Paul Holbrook takes the directing reigns in this self-described B-movie throwback. Working from a screenplay from regular collaborator Alex Hollister, Holbrook re-teams with Sascha May Productions to tell the story of a prisoner of war who wakes up in a Nazi prison cell to discover he’s the unwitting test subject in a cruel psychological experiment where all is not as it seems.
Starring Livvy May and Laurence Saunders, ‘Cell’ is available to watch below.
Remember those movies in the 80s that were so bad they were good? Well here comes a short that nails being exceptionally good at being so bad it’s good. Still with us? Awesome!

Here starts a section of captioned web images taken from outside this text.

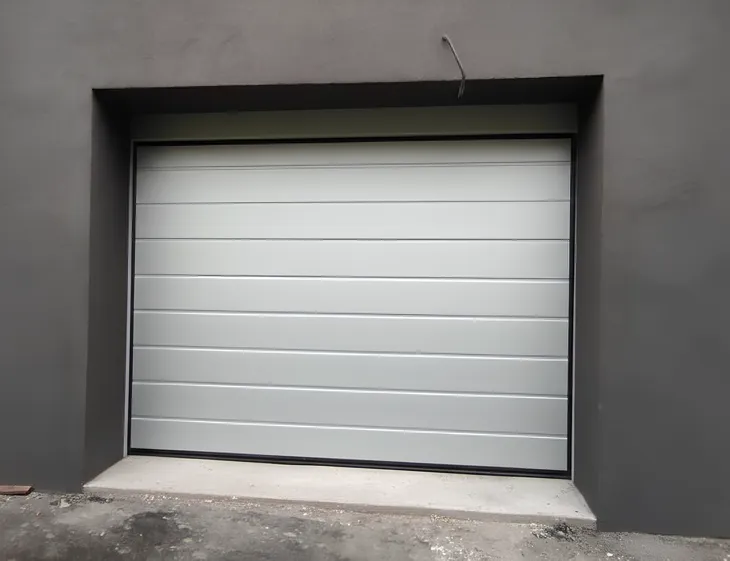 Porte sezionali bidoga finitura liscia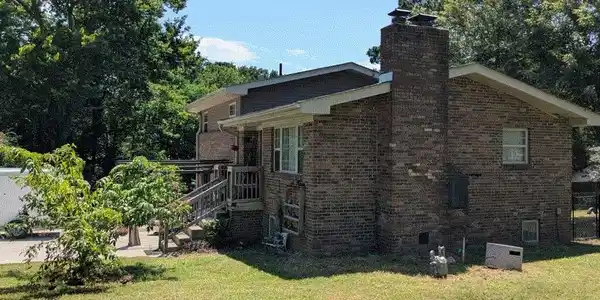 305 Quarry Road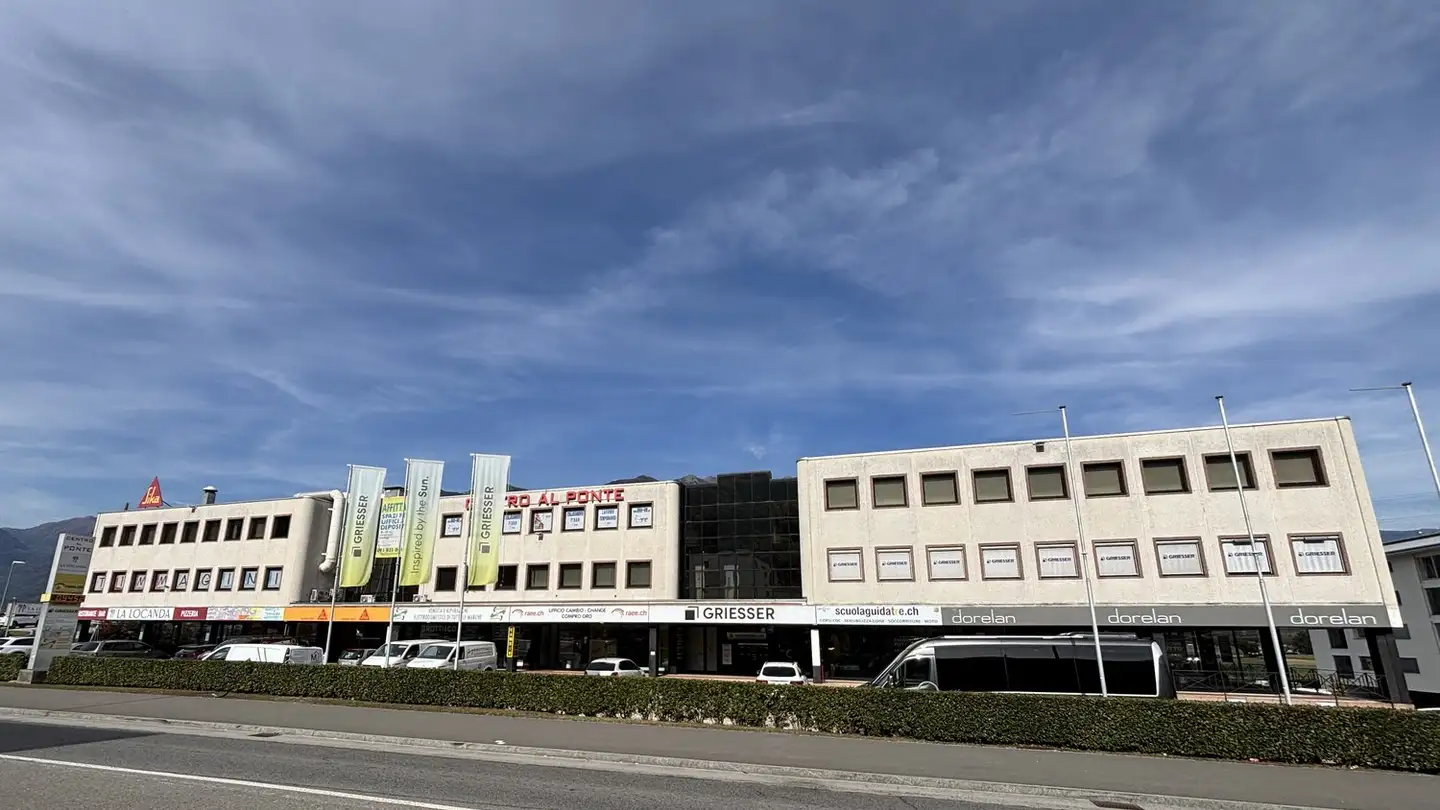 Commerciale in affitto - Via San Gottardo 46, 6593 Cadenazzo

After tackling social drama with A Girl and Her Gun and Sunday Worship, Paul Holbrook displays impressive cinematic range with this love letter to 80s era, straight-to-video VHS movies. Going so far as to open the movie with a low resolution VHS display and worn tape effects, Cell leans hard into being a style-driven homage piece. Screenwriter Alex Hollister goes for broke and comes up trumps with a short script that intentionally demands over the top, scene-chewing villain, while being smart enough to deliver a genuinely tense psychological thriller.
The filmmaking team are all on the same page as to the film’s objective as everything from Andrea Belluci’s John Carpenter-esque music to title font to acting choices channel the low budget sci-fi movies that serve as this film’s inspiration. Ironically, in emulating this style, Cell proves itself to be anything but low budget or second rate. Rather than mimicking a low budget style of filmmaking to save costs or cut corners, it becomes evident within seconds of the movie starting that incredible levels of attention to detail are at play. Joanna Strange’s make-up, Jon O’Neill’s cinematography and Nico Metten’s sound design among many other elements all point to an elevation of craft from the already outstanding short films in director Holbrook’s back catalogue.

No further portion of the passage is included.